Saturday, February 02, 2008

Stories

“When’s your appointment with the neurosurgeon?”

“Next week.”

I shook my head at the screen and glanced up at the clock. 4:14 am. I’d been chatting with my friend for nearly two hours. She’d struggled through a year of turmoil, one thing after another, and yet somehow she was holding on to her belief in God. It was as impressive a display of faith as I’d ever seen. Still, the question that kept coming to her, the one I couldn’t really answer, was why. And where was God in this mess?

Some of her friends had told her that she just needed to be more positive. That she didn’t have enough faith. That if she would just believe, things would turn around. Another friend had heard similar comments when his father became sick. They promised him that if just said the right prayers, that if he just believed, his father would be healed. When his father passed away, my friend found his faith shaken to the core, and in our late night talks, the hurt and bitterness would leak into the conversation.

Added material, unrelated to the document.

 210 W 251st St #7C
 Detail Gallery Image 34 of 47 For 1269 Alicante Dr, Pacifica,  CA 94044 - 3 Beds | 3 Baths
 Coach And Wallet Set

“I believed them, Steve. I know what you said, what you warned me about, but it was my dad. My best friend.”

His jaw would clench shut, and we’d stand out on the porch in silence. I would feel the anger rising, silently bemoaning the idiocy of these shallow Christians who would never know what kind of damage they’d done.

I chatted for another two hours with my friend, wishing there was something more I could do. It was with a sad, powerless feeling that I finally signed off. My thoughts drifted to another friend who couldn’t seem to find peace in her marriage, and still another who’d been battling an addiction to alcohol and porn for fifteen years.

All of these people believed Jesus was the Son of God. All of them did what they could to make a difference, and all of them had gone through the ‘guaranteed’ evangelical/fundamentalist short forms of rescue. Prayer. Anointing with oil. Exorcism. You name it, they’d tried it, mean while their heart felt cries to God had echoed into an empty blackness, and the storms in their life had continued.


I grabbed my jacket and headed outside. It’d been a mild day, so I didn’t bother zipping up my coat as I headed out onto the stoop. But the weather had changed, and a strong, icy wind swept snow across the grass and sent me scurrying to a spot underneath the balcony. It was incredible. The weather had changed so drastically I forced to run inside and get a coat. When I came back outside, the wind continued to howl, but I tucked my hands inside my jacket, and watched the snow blow across my street. I'd never understood this black and white approach to God, and to life. Although, to some extent, I'd been raised in this environment, it seemed a kind of empty folly to me to anyone who bothered thinking about it. How could we know the 'right answer' when it came to God, assuming that we believed Him to be both all knowing and omnipotent. It seemed to me we spent more time proving that we were omnipotent and all knowing than God was.

What bothered me the most however, was the simple ignorance. It was fine to say 'Jesus saved' when your life turned around, when your marriage was restored, or when your addiction broke. But what happened when your life DIDN'T change. Or when it got worse. Seemed to me we didn't have a lot of room in our theology for that kind of heartache. For too many, either Jesus made your life 'perfect' or there was something wrong with you. But if that was the case, why were so many Christians hurting. Why was divorce and abuse at the same levels both inside and outside the church? Could it be that Jesus didn't make everything 'new?' Or was the fault simply with us?


The snow continued to blow, whipping across the houses and driveways in front of me. It'd been a long time since I'd seen a storm like this, and tomorrow would be a headache for anyone wanting to leave in the morning. As a kid however, these sudden storms had been the norm, and so much of the fervor revolved around the simple fact it rarely happened anymore.


I tried to get my friends out of my head; my struggling, God-fearing friends who loved God but for the life of them could not catch a break. I thought about my own past, how eagerly I would have dumped my advice on them, even a few years before, as if the 'solution ' was always a matter of choice, of human action.

Unfortunately, it wasn't that easy. And for many of my friends, the best that I could offer them was to walk with them, to wrap my arm about their shoulders and listen. In so many ways, it seemed inadequate, but as I remembered the dark times in my life, I remembered what a difference it had made for me.

It's easy to put God in a box. Easier still to sell Jesus like He is the Great Solution for a Perfect Life. We know that isn't true. (Heb 11) And yet sometimes we insist on hammering away at our friends and loved ones for THEIR shortcomings, when their struggles are completely out of their hands. We do this to feel better, to feel like we humans have all the control. But the hard truth is that we don't, and we don't have the answer or right action for everything. Jesus may be the Savior, but not for everything. Sometimes God calls us to walk through the difficulties of life, and ask that others walk with us. This may not be the answer that sells T-shirts or commercial spots for Christian television, but it is the most common answer we find in Scripture.

My prayer this week is that you will find someone to put your arms around and walk with, and that you would encourage them, not by your advice, but by your love.